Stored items
******************************

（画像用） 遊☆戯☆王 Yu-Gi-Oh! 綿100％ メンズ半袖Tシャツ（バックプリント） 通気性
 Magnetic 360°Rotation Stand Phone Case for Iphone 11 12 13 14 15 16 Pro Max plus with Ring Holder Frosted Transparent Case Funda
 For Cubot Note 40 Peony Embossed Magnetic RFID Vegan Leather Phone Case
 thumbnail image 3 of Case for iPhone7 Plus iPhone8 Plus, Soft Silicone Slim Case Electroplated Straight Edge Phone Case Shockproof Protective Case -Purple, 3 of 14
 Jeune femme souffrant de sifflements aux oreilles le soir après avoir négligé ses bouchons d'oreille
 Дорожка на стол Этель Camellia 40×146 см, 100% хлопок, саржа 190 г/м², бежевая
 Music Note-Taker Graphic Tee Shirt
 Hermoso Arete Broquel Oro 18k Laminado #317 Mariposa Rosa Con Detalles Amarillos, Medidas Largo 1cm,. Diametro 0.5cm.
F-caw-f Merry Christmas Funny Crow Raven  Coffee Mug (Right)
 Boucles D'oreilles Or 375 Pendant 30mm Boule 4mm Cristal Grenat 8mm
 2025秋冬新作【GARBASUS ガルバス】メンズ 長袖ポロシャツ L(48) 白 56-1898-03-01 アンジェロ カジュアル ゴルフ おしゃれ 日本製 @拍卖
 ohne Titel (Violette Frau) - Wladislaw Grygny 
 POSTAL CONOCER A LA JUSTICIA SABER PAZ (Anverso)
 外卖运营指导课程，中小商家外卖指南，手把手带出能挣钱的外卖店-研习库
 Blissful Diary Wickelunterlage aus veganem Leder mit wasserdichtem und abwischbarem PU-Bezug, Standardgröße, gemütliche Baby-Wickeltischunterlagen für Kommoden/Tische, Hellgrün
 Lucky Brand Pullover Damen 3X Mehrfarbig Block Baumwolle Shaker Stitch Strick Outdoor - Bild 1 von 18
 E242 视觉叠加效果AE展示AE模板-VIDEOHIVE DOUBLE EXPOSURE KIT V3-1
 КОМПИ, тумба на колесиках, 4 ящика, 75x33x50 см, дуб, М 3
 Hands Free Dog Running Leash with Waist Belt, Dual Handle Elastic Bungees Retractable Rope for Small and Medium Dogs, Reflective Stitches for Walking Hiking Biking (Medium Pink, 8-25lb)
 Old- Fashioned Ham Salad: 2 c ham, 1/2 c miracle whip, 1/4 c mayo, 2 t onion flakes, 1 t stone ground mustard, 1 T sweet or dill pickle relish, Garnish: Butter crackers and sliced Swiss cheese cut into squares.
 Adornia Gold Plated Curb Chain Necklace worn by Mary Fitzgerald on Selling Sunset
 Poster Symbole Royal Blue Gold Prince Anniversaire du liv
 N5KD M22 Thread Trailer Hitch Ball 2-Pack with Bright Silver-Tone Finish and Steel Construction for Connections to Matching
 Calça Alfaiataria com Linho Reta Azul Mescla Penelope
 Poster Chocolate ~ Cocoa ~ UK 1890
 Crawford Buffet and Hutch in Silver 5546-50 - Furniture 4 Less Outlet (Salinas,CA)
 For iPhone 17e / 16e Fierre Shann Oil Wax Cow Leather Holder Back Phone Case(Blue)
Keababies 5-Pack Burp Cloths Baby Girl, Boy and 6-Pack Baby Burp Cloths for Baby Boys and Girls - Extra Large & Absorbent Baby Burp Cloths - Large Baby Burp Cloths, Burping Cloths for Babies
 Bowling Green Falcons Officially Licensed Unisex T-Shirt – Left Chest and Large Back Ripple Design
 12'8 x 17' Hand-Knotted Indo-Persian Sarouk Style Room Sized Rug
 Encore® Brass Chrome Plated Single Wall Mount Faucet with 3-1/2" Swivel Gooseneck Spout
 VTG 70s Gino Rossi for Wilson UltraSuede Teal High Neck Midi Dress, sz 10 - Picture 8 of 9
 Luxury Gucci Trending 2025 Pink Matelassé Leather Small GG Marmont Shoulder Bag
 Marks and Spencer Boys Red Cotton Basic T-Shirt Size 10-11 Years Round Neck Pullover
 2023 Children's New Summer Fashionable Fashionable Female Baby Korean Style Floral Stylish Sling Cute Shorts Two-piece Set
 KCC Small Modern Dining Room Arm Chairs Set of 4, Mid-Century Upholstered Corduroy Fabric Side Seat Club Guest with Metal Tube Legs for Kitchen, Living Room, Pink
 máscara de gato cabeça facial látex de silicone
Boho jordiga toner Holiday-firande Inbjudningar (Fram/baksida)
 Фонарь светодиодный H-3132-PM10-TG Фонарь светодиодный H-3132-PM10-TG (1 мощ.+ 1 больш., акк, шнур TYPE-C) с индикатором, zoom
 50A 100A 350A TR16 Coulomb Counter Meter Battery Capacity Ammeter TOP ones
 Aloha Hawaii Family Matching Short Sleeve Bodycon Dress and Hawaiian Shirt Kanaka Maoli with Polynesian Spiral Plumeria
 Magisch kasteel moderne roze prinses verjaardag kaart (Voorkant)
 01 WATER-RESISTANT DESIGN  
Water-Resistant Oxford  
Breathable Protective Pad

******************************

Return nothing but the lines from the top of the records above through the line that has "Blissful Diary Wickelunterlage". Keep each one exact.

**Exercise result**:
（画像用） 遊☆戯☆王 Yu-Gi-Oh! 綿100％ メンズ半袖Tシャツ（バックプリント） 通気性
 Magnetic 360°Rotation Stand Phone Case for Iphone 11 12 13 14 15 16 Pro Max plus with Ring Holder Frosted Transparent Case Funda
 For Cubot Note 40 Peony Embossed Magnetic RFID Vegan Leather Phone Case
 thumbnail image 3 of Case for iPhone7 Plus iPhone8 Plus, Soft Silicone Slim Case Electroplated Straight Edge Phone Case Shockproof Protective Case -Purple, 3 of 14
 Jeune femme souffrant de sifflements aux oreilles le soir après avoir négligé ses bouchons d'oreille
 Дорожка на стол Этель Camellia 40×146 см, 100% хлопок, саржа 190 г/м², бежевая
 Music Note-Taker Graphic Tee Shirt
 Hermoso Arete Broquel Oro 18k Laminado #317 Mariposa Rosa Con Detalles Amarillos, Medidas Largo 1cm,. Diametro 0.5cm.
F-caw-f Merry Christmas Funny Crow Raven  Coffee Mug (Right)
 Boucles D'oreilles Or 375 Pendant 30mm Boule 4mm Cristal Grenat 8mm
 2025秋冬新作【GARBASUS ガルバス】メンズ 長袖ポロシャツ L(48) 白 56-1898-03-01 アンジェロ カジュアル ゴルフ おしゃれ 日本製 @拍卖
 ohne Titel (Violette Frau) - Wladislaw Grygny 
 POSTAL CONOCER A LA JUSTICIA SABER PAZ (Anverso)
 外卖运营指导课程，中小商家外卖指南，手把手带出能挣钱的外卖店-研习库
 Blissful Diary Wickelunterlage aus veganem Leder mit wasserdichtem und abwischbarem PU-Bezug, Standardgröße, gemütliche Baby-Wickeltischunterlagen für Kommoden/Tische, Hellgrün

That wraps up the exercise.